No disimuló Curemó la libertad de Urambia. Temiendo ser descubierto lo desmintió á presencia de todos. Este agravio dió sobrada materia á una porfiada contienda, la que resolvieron los dos viejos decidirla por las armas. Conforme á las leyes del duelo se emplazaron para aquella tarde, en que con sólo dardo y macana entraría en palestra á presencia de todo el pueblo, apadrinado Urambia de Urambieta, y Curemó de Nianitombia. En la intrepidez con que ambos se acometieron, no parecía, sino que cada uno recogía los íntimos restos de unas fuerzas perdidas para morir con honra. Urambia quebró el dardo á Curemó, pero echando éste mano á la macana se defendía con valor. Causaba lástima ver las heridas de dos ancianos empeñados en destruirse. Departiéronle en fin los padrinos y decidieron los jueces, que aunque ninguno había vencido, ambos eran dignos de la victoria. Por los nuevos informes que recogió Garay se ratificó en el concepto de que Urambia defendía el partido de la verdad. Quisiera que el valiente Curemó pagase con su vida la de tantos inocentes, que había sacrificado á sus venganzas; pero en un tiempo en que tanto necesitaba la afición de aquel pueblo, se contentó con reprenderlo agriamente, haciéndole concebir el precio de su clemencia. Enseguida dió la libertad á los cautivos, con cuya acción honró también el valor de Urambia,

El cacique Guayracá á quien Oberá había confiado el mando de sus tropas, se hallaba acantonado en el Ipanente. Jamás plaza de armas en esta conquista se encontró más artificiosamente preparada. Torreones, fosos, trincheras, nada se omitió de cuanto podía hacerla inexpugnable. La guarnición era numerosa, tomada de la flor de los Guaraníes, y comandada por los jefes de más reputación. Un sacrificio de una ternera que dedicaron á Oberá, y cuyas cenizas esparcieron por el aire (como lo habían de ser las de los españoles) se tuvo por presagio infalible de aquel su númen tutelar.
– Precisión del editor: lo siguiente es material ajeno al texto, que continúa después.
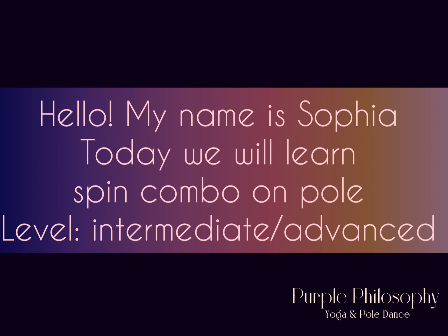Hello! My name is Sofia. Today we will learn a spinning combo on a pole, level intermediate advanced.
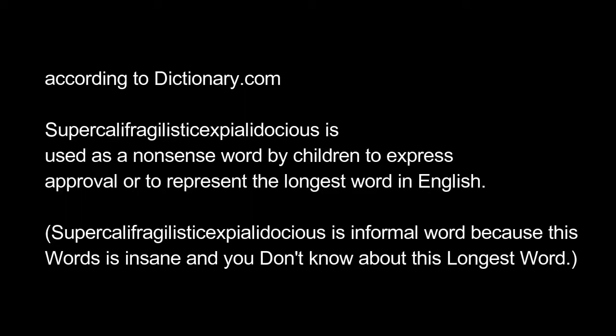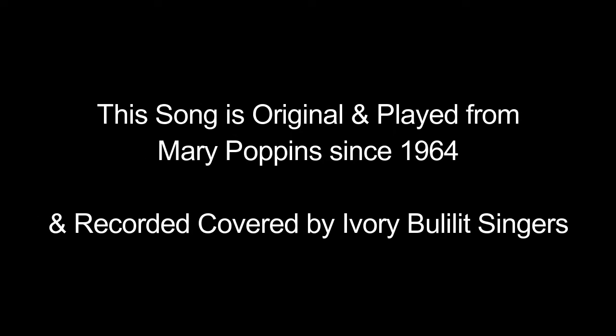Discussion first. According to dictionary.com, supercalifragilisticexpialidocious is used as a nonsense word by children to express approval or to represent the longest word in English. This song is original and played from Mary Poppins since 1964 and recorded and covered by various singers.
Garay, volvió sus armas contra esta fortaleza, y en breve experimentaron los bárbaros las tristes consecuencias de su engaño. Ellos esperaban ser testigos de aquel desaliento en nuestras tropas, que según las predicciones de Oberá, debía ser como el preludio de la victoria, y en su lugar sólo veían el valor más acalorado. Tardaba demasiado la asistencia del dios Oberá, y era preciso que así fuese; porque mirando por sí mismo, desapareció secretamente para no volver á parecer más. Burlada esa confianza orgullosa de los bárbaros, ya no trataron de defender la plaza, sino de salvar sus vidas en una fuga precipitada. Ni aun este triste recurso les fué útil; porque los españoles les ganaron los pasos. El imbécil Guaycará, sin talentos para restablecer el orden de sus tropas, ni reanimar los ánimos abatidos, fué el primero que los abandonó á su desesperación, y se refugió en la concavidad de un grueso tronco, desde donde espiaba los sucesos de aquélla trágica acción. La vista de Garay lo indujo á la bizarra empresa de arrojarle una saeta asesina, prometiéndose que con su suerte daría un nuevo aspecto á la refriega. Anduvo tan neciamente incauto, que creyendo haber logrado el tiro, cantó la victoria fuera de tiempo. Garay no recibió lesión alguna, y él quedó descubierto. Un arcabuzaso que le tiró el valiente Enciso, le hizo pagar tan loca temeridad. Esta fué la ocasión en que Yagnatatí, indio bravo y esforzado, se arrojó por lo más espeso del campo español, guiado sólo de su corage y desesperación. Hirió algunos soldados; pero Martín de Valderrama y Juan de Osuna detuvieron su furor. Viéndose el bárbaro tan acosado, que le era forzoso el rendirse, no quiso sobrevivir á esta afrenta, y metiéndose el dardo por el pecho, quedó allí muerto. A imitación de Garay distinguieron su valor muchos soldados españoles, á cuyo esfuerzo se debió una completa victoria, con que se hicieron memorables los fines del año de 1579.

Libre Garay de los cuidados de la guerra, aplicó sus desvelos al importante objeto de nuevas poblaciones. En 1580 partió de la Asunción el anciano Ruiz Díaz Melgarejo, con sesenta soldados escogidos, y fundó la ciudad de Santiago de Jeréz, sobre las márgenes del Mbotetey, que se reúne al del Paraguay. Esta población ya no existe.